▶ GOAL OF THE EXERCISE
Taking the entries below, transcribe only the lines starting with the one with "These are just" and going on through the one with "Alright, with that", exactly as written, without the pictures.

▶ PROVIDED MATERIAL
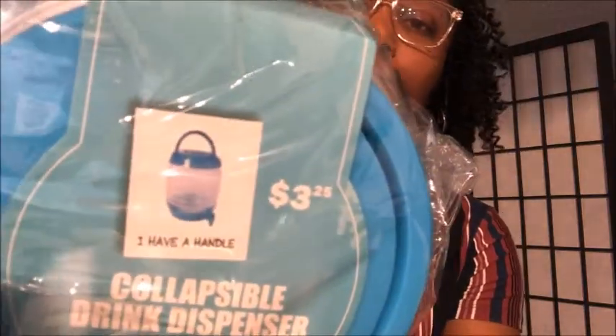The last thing I picked up — which I haven't used yet, I got it about two weeks ago — is a collapsible drink dispenser. Sorry, Alexa just decided to jump into my conversation! Let's see if you can see that clearly. I still have it in the bag and haven't found a use for it yet, but I'll let you guys know how it functions.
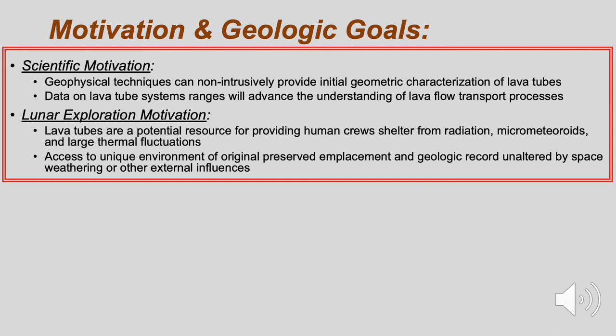The motivation for our study is twofold. From a scientific perspective, lava tubes provide pathways that extend the range covered by lava flows, but it is often difficult to determine their scope. Geophysical techniques, such as magnetic surveys, provide methods to realize the extent of lava tube systems.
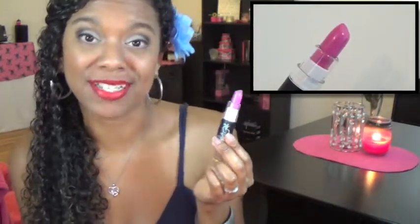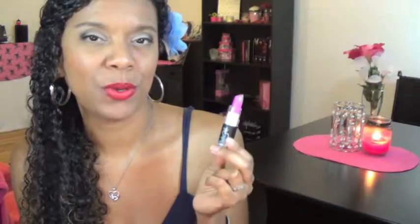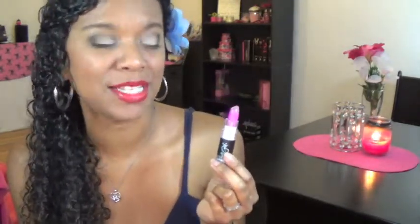The next lip color is from a drugstore brand called Jesse's Girl, which I've only found at Rite Aid pharmacies. I really do like this color from the Jesse's Girl line — it's called Bubble Yum. It reminds me a lot of a cooler-toned Candy Yum Yum from MAC. It's not as bright as Candy Yum Yum but it does have a hint of a neon quality to it, so I've been enjoying it this summer.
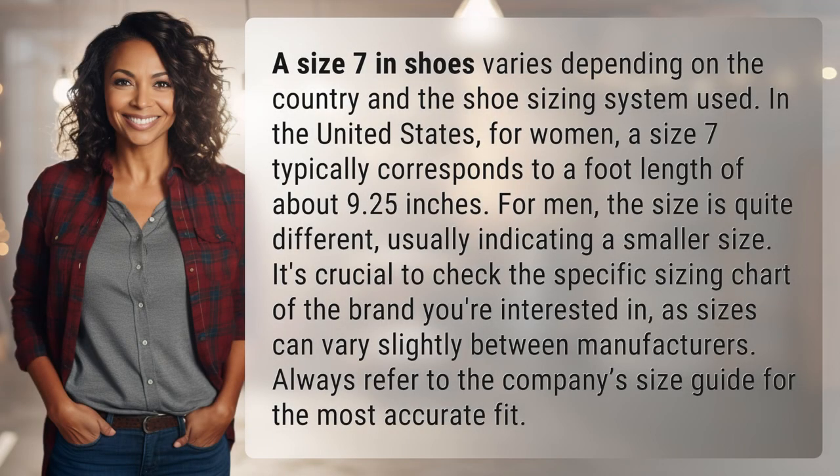A size 7 in shoes varies depending on the country and the shoe sizing system used. In the United States, for women, a size 7 typically corresponds to a foot length of about 9.25 inches. For men, the size is quite different.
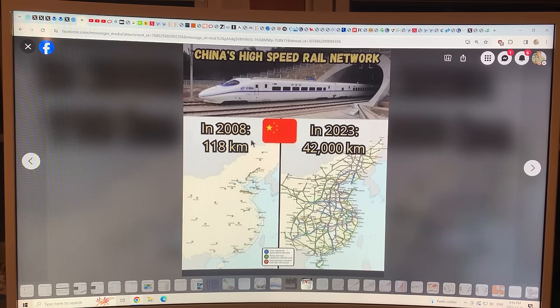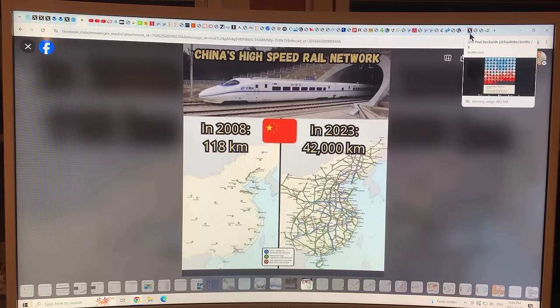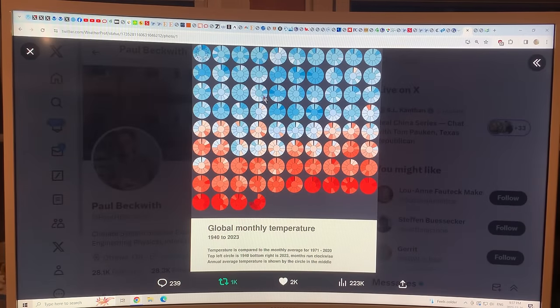China's high-speed rail network: in 2008 it was 118 kilometers; by 2023 — just 15 years later — it's 42,000 kilometers. Look how quickly they can develop infrastructure. On Twitter, there's also an interesting image showing global monthly temperatures from 1940 to 2023 on a wheel from January to December, and you can see the incredible acceleration of warming — it's increasing very, very quickly.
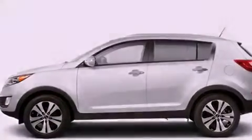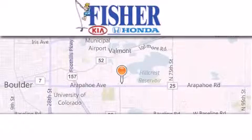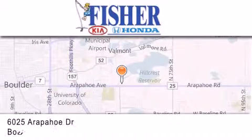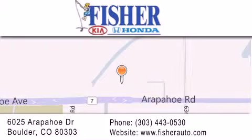Contact us today and schedule your opportunity to see this automobile in person. Fisher Auto is located at 6025 Arapahoe Drive in Boulder. Our goal is to exceed all of your expectations to ensure that you'll return for future visits.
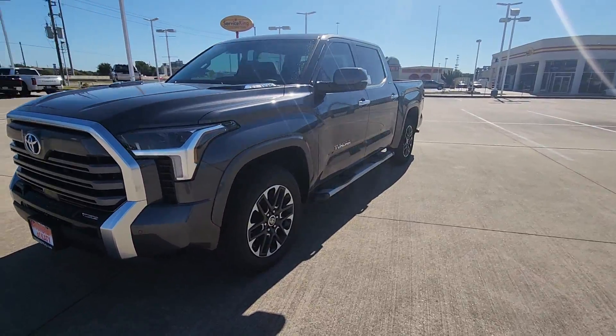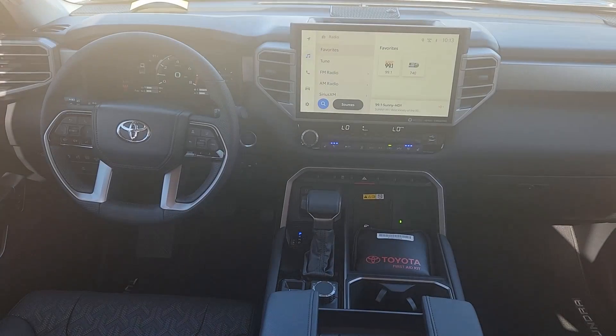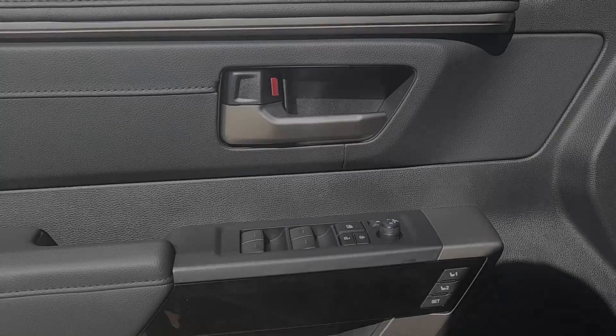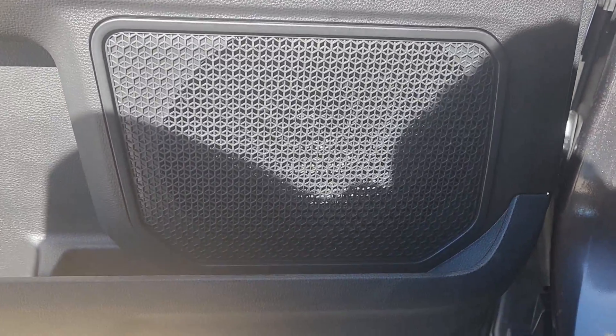These are just some of the great options this vehicle comes with: heated steering wheel, heated and/or cooled front seats, Apple CarPlay and/or Android Auto, heated driver's seat, keyless entry, navigation system, heated mirrors, fog lamps, satellite radio, and backup camera.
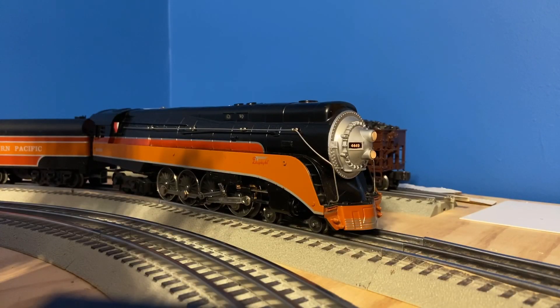Alright, with that said, it's time to run it. Sit back, relax, and enjoy. I have power on, so let's listen to some of the sounds. Here's the whistle — I think the whistle sounds realistic. I like the whistle on the model. I think it sounds like the real thing.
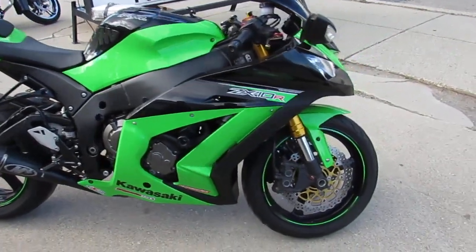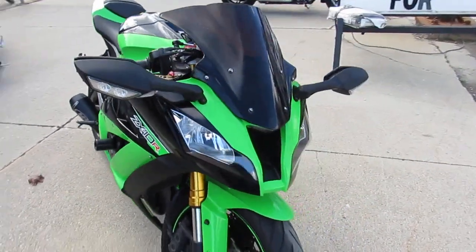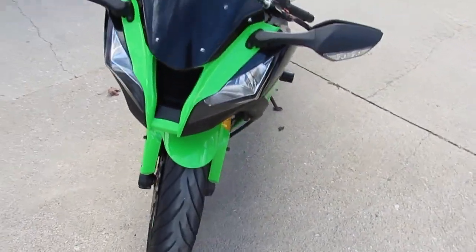Hey guys, it's Andrew at ApprovalPowersports.com, out here doing some videos on the used sport bikes we got in. Over 200 used sport bikes in stock. This one here,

▶ ANSWER FOR THE TASK
These are just some of the great options this vehicle comes with: heated steering wheel, heated and/or cooled front seats, Apple CarPlay and/or Android Auto, heated driver's seat, keyless entry, navigation system, heated mirrors, fog lamps, satellite radio, and backup camera.
Alright, with that said, it's time to run it. Sit back, relax, and enjoy. I have power on, so let's listen to some of the sounds. Here's the whistle — I think the whistle sounds realistic. I like the whistle on the model. I think it sounds like the real thing.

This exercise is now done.